● **Your assignment**: Below are the entries; give again exactly the lines from the one mentioning "Well Woven Aosta Tribal Diamond Pattern Grey Rug 7" through the one mentioning "Photo d'un blaireau", inclusive.

Extracted data START

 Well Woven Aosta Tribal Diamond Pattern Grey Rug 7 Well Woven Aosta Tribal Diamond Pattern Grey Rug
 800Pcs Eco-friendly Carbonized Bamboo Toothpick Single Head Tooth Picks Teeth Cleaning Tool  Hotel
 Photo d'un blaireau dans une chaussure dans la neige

Extracted data END
Extracted data START

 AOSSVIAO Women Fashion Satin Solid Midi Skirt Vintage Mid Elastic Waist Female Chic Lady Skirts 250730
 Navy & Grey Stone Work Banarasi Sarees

Extracted data END
Extracted data START

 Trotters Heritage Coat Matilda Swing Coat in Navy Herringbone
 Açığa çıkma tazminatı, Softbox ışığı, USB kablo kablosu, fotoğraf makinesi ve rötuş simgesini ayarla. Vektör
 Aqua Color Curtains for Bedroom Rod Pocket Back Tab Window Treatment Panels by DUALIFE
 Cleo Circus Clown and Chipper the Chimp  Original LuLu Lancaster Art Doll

Extracted data END

● **Exercise answer**:
 Well Woven Aosta Tribal Diamond Pattern Grey Rug 7 Well Woven Aosta Tribal Diamond Pattern Grey Rug
 800Pcs Eco-friendly Carbonized Bamboo Toothpick Single Head Tooth Picks Teeth Cleaning Tool  Hotel
 Photo d'un blaireau dans une chaussure dans la neige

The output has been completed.